Within the entries below, please retype exactly the lines starting with the line that has "ANTI-NMI antibody produced" and going on through the line that has "Olfactory receptor 4K14 rabbit pAb Antibody", but not the pictures.

* **Material for the task**
---

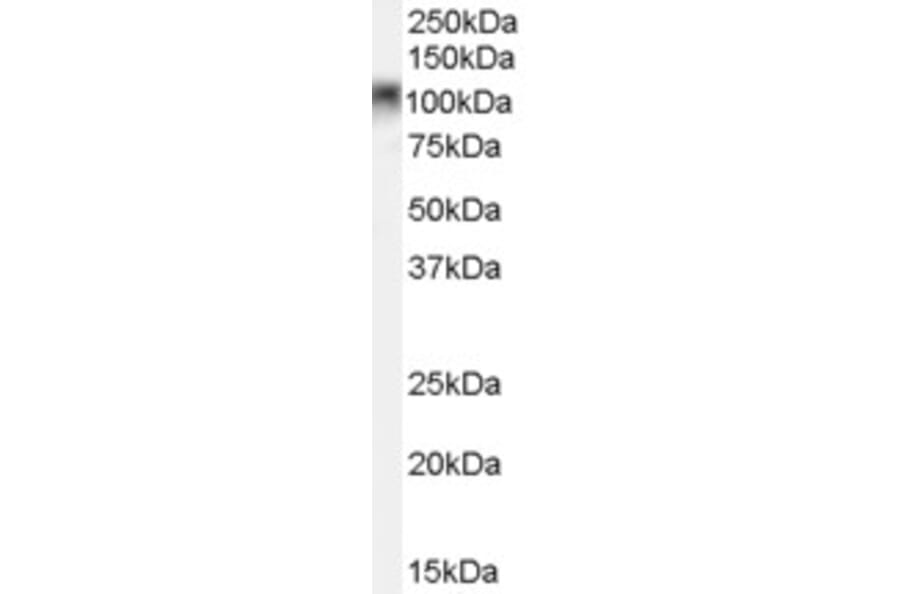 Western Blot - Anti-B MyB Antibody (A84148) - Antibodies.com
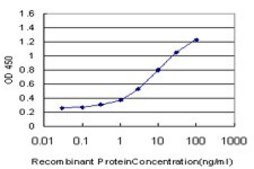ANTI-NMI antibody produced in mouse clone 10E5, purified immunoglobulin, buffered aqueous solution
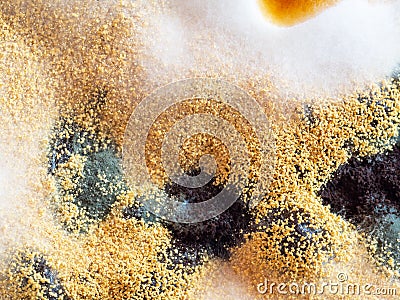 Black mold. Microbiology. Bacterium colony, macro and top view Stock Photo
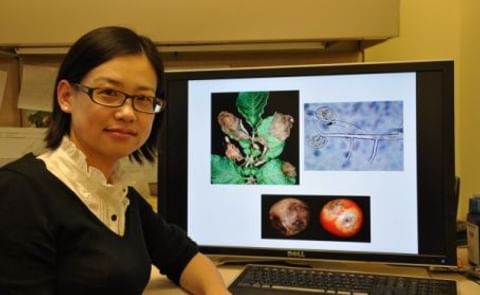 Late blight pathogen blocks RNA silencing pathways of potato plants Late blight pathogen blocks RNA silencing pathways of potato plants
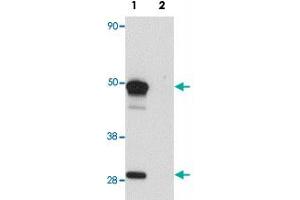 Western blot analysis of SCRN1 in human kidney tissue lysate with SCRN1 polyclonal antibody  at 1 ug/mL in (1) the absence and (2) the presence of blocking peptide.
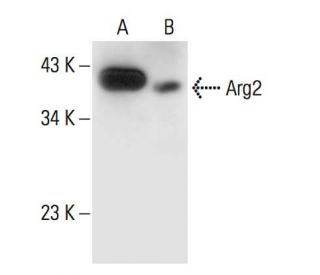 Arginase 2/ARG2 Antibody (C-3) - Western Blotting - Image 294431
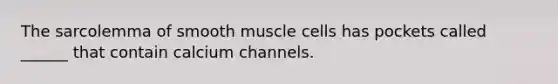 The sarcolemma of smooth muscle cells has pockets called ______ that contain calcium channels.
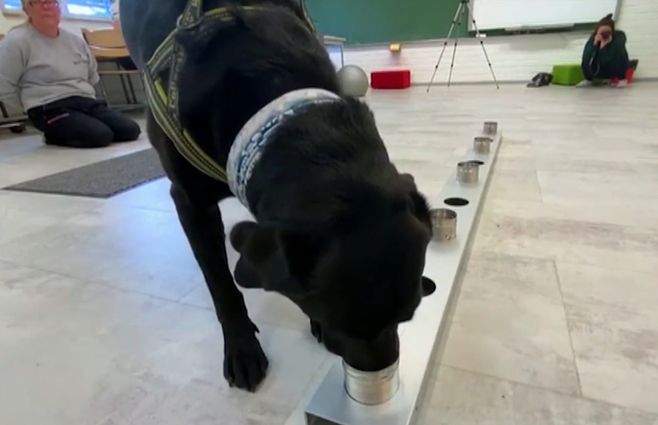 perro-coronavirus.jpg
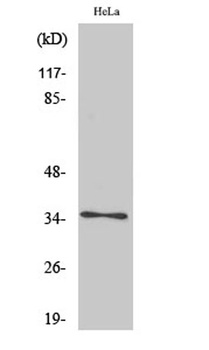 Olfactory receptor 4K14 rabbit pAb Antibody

---

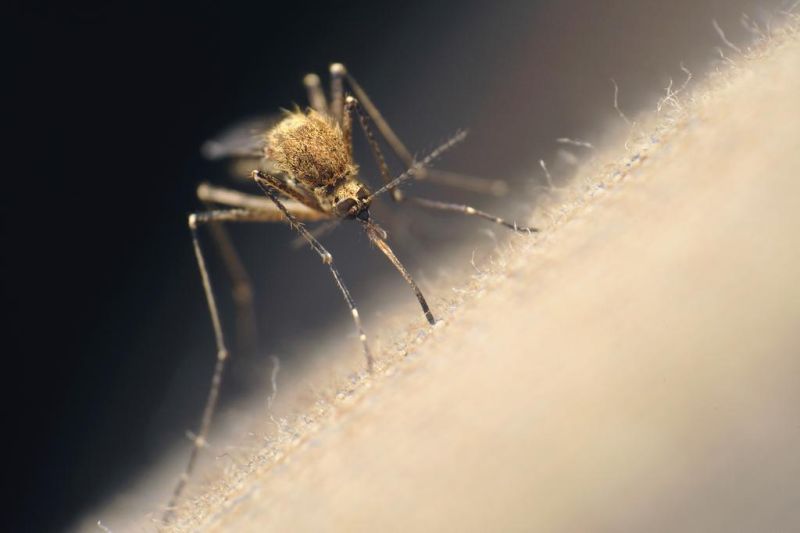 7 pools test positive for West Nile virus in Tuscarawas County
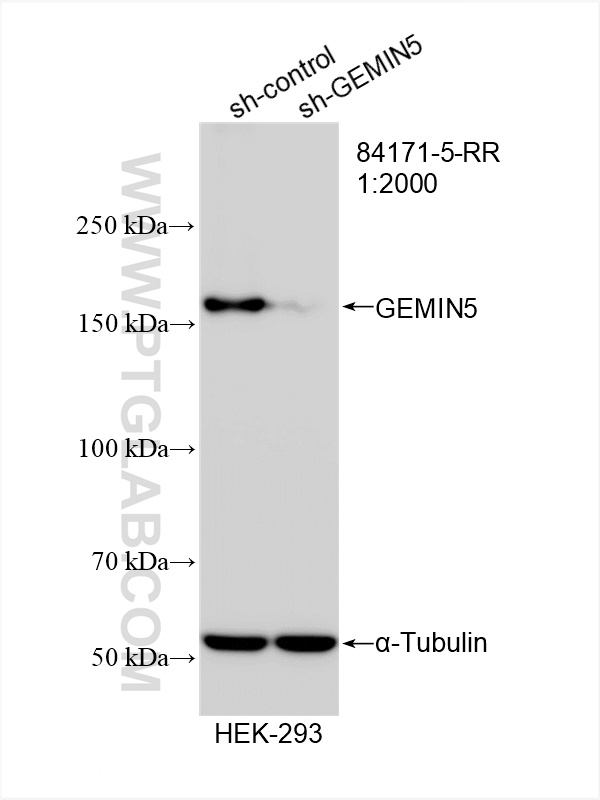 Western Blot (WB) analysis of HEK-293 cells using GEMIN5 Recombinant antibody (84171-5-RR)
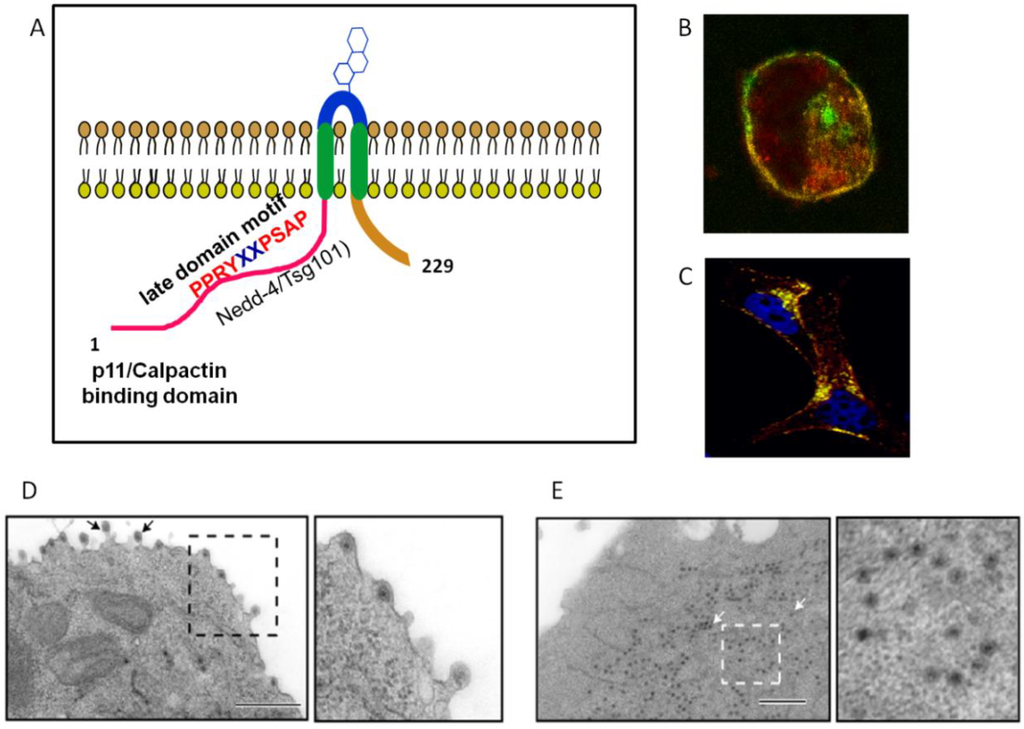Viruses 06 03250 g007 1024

---

* **Answer below**
ANTI-NMI antibody produced in mouse clone 10E5, purified immunoglobulin, buffered aqueous solution
 Black mold. Microbiology. Bacterium colony, macro and top view Stock Photo
 Late blight pathogen blocks RNA silencing pathways of potato plants Late blight pathogen blocks RNA silencing pathways of potato plants
 Western blot analysis of SCRN1 in human kidney tissue lysate with SCRN1 polyclonal antibody  at 1 ug/mL in (1) the absence and (2) the presence of blocking peptide.
 Arginase 2/ARG2 Antibody (C-3) - Western Blotting - Image 294431
 The sarcolemma of smooth muscle cells has pockets called ______ that contain calcium channels.
 perro-coronavirus.jpg
 Olfactory receptor 4K14 rabbit pAb Antibody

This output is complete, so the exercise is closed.